= Working data =

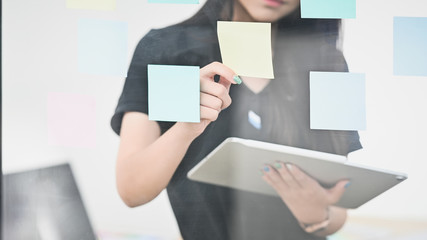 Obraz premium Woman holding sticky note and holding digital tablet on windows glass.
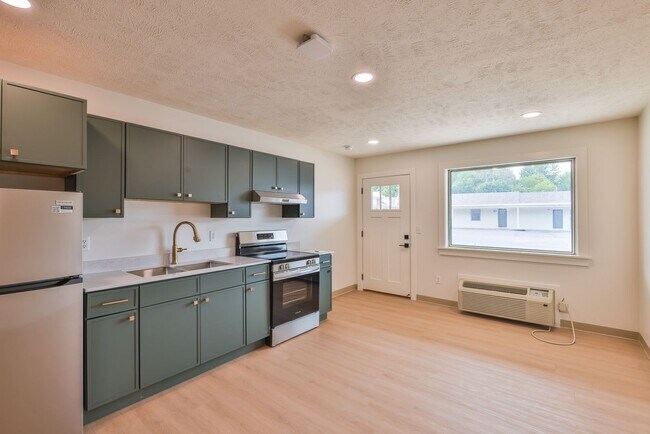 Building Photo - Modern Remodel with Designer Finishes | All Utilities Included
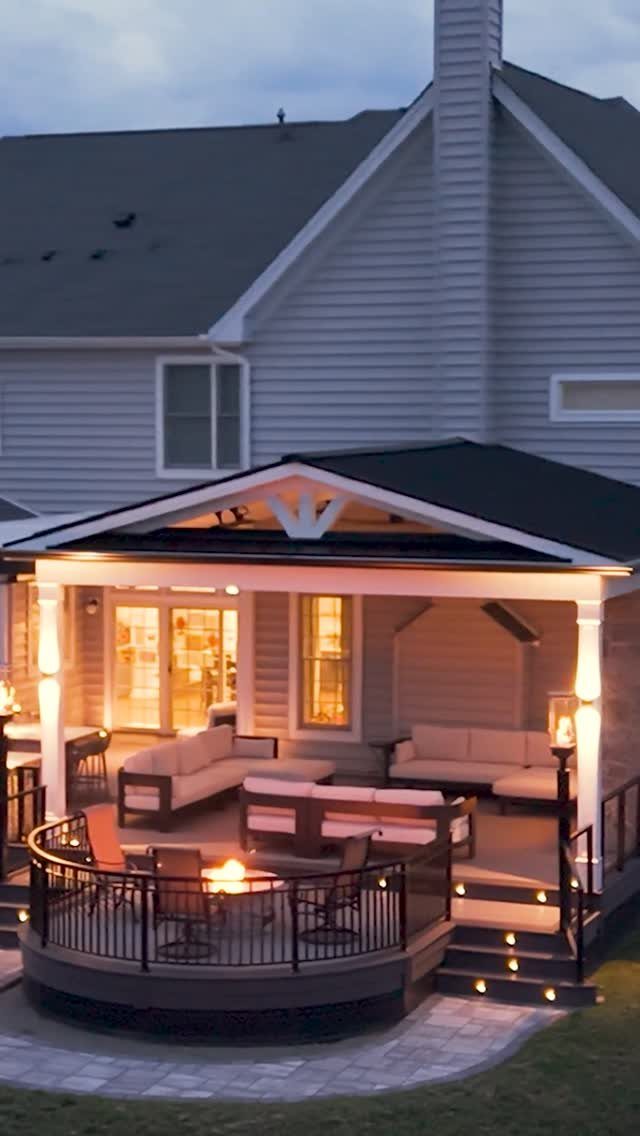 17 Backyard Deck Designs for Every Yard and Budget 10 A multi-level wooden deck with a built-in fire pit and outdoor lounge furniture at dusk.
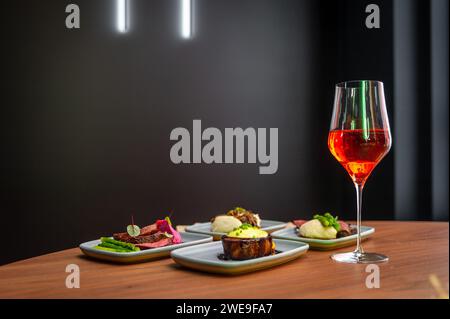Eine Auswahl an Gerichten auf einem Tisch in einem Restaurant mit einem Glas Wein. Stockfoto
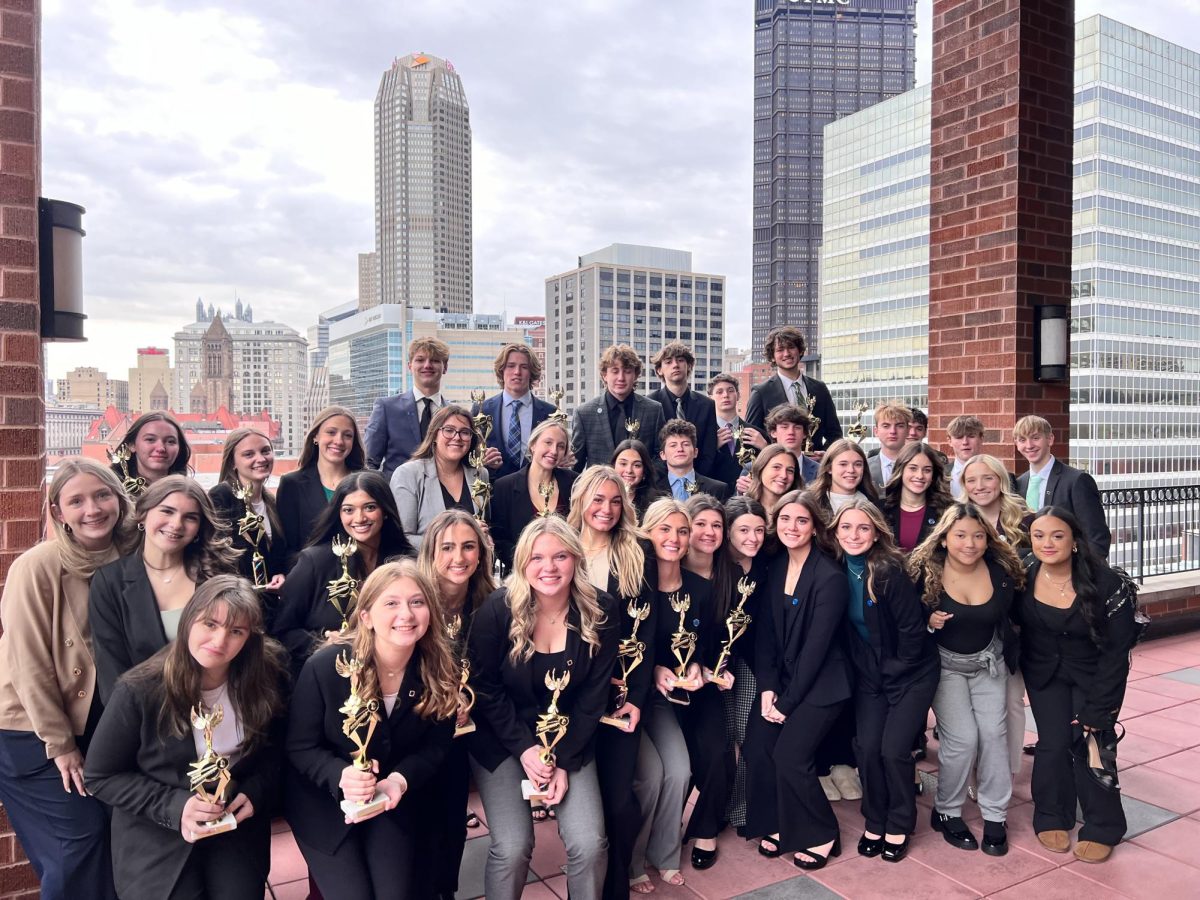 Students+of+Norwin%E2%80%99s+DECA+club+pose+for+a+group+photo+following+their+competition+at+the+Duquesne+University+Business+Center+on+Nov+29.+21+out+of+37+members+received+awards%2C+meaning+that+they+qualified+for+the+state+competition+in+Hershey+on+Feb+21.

= What the task requires =
Reproduce only the lines of the records from the start up to and including the line that holds "17 Backyard Deck"; do not carry over any picture.

= Written solution =
 Obraz premium Woman holding sticky note and holding digital tablet on windows glass.
 Building Photo - Modern Remodel with Designer Finishes | All Utilities Included
 17 Backyard Deck Designs for Every Yard and Budget 10 A multi-level wooden deck with a built-in fire pit and outdoor lounge furniture at dusk.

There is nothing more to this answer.